VRAI: So, I will turn it over to Dee, but before I do, here is the potted pl— plot summary. I got there! Because I feel like people get so caught up in pitching Mo Dao Zu Shi, or The Untamed, as “Oh my God, it’s so feelings! You don’t understand! They’re in love!” that people forget to relate what the actual plot beats are.

[Chuckling]

ALEX: Ah, my favorite thing. Just… “Okay, that’s great! What’s it about? What genre is it in? Is it actually good?”

VRAI: Uh-huh.

ALEX: [Chuckles]

VRAI: All right. Well, first of all, it’s a xianxia story, which is like wuxia except it involves explicitly Taoist themes and magic. And the story begins with our protagonist, Wei Wuxian, dying. And everyone’s like, “Wow, this is great! He was a bastard, aye?”

And then, several years after that, Wei Wuxian wakes up in somebody else’s body, and it is a teenager who has been cast out of his shitty father’s house and decided, “I’m going to do this forbidden ritual that will tear apart my soul, but it will summon the biggest, baddest asshole who ever lived and he will be required to do vengeance for me.”

And so, Wei Wuxian, who was known as the founder of demonic cultivation, which is… it has a long history, but for our purposes quickly here, it’s kinda like necromancy.
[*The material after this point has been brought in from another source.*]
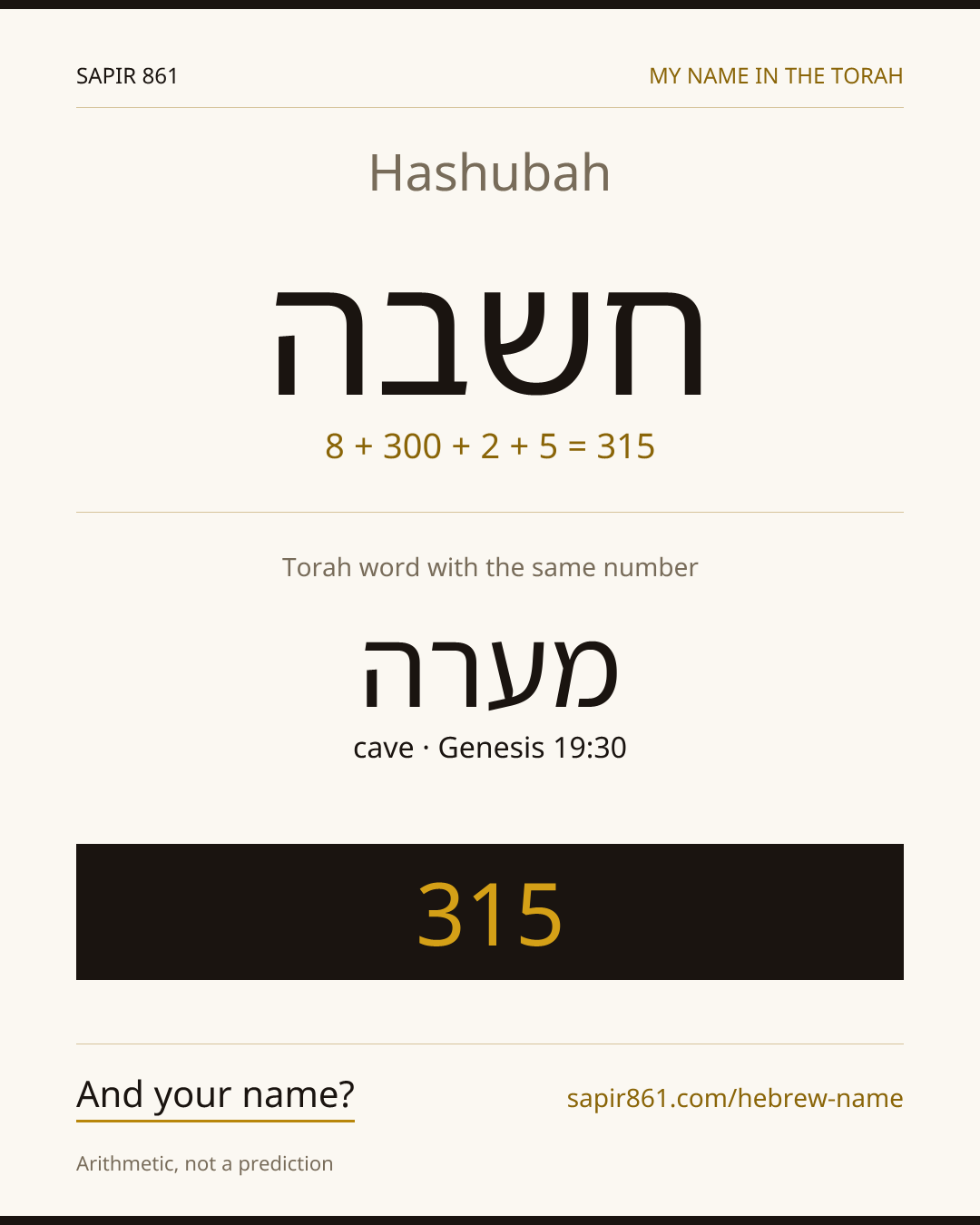 Hashubah — חשבה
It’s dark arts. And so, he got known for that. But as we meet him, we’re like, “Oh, this guy can’t possibly be so evil. What happened?” And then, immediately upon waking up in this new body, he runs into this guy who he clearly has a history with.
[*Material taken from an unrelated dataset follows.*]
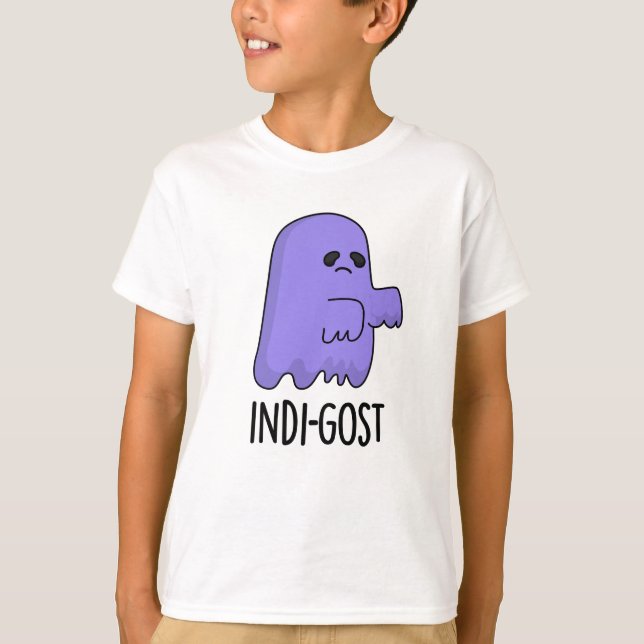 Indi-gost Funny Halloween Indigo Ghost Pun  T-Shirt (Front)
And so, the series is sort of this dual narrative of Wei Wuxian trying to unravel the mystery of why he was brought back and what’s happening and also the story of how he became the most reviled person in all of Fantasy China.

ALEX: Hm. Okay, intriguing!

VRAI: Dee?

DEE: Yes?

VRAI: How did you feel about it after I badgered you for months and months and months?

DEE: [Chuckles] It wasn’t months and months and months. It just took me forever to finish it, so it probably feels that way to you. And that was not because I wasn’t enjoying it. It was just that my TV time is limited and these episodes are 50 minutes apiece, so I have to make sure I had some time squirreled aside.

VRAI: It’s also long.

DEE: It is. It’s one of those where you look at it and you go, “Oh, 50 episodes. That’s fine. I mean, that’s like Fullmetal Alchemist: Brotherhood length.” (Or even the original. It’s either one. It’s either Fullmetal Alchemist length.) “That’s doable.” But then you’re like, “Oh, wait. Every episode is an hour long. So it’s really more like committing to five seasons of Game of Thrones.”

Yeah, when you put it in that context, you’re like, “Oh, that’s a long series.” And it’s like, “Yeah. Yeah, it is.” [Chuckles] In the US, it would’ve run five years on HBO.

VRAI: But at the same time, it’s filmed like a soap opera, where instead of each episode feeling self-contained, it’s like, “And here is our amount of 50 minutes of the story this week. And now it cuts off at the point where we’re out of time, even if it’s not necessarily the point where it wraps up neatly in a bow,” so it’s extremely addicting and easy to binge.

DEE: It is. Yeah, the episode, sometimes it feels like it ends in the middle of a conversation. You’re like, “Um, why is the ending theme running now?” So, having it on Netflix was nice because I could just go into the next episode, and then when the scene was over, I could go, “Okay, that was the end of the episode,” and turn it off and go to bed.

[Chuckling]

DEE: So, I would watch an episode and then ten minutes of the next episode, on the regular. Those tricky writers.

No, I enjoyed it. The translation is rough. I feel like I have to start with that because the translation is rough, the official one on Netflix. Obviously, I don’t speak Chinese, so I can’t speak to the finer nuances of the word selection and the translation choices for this or that thing. Just in terms of: sometimes the sentences grammatically don’t really make sense. Any time they started to get really deep into the politicking or the plot point stuff, I think that that made the show a little harder for me to follow during those stretches.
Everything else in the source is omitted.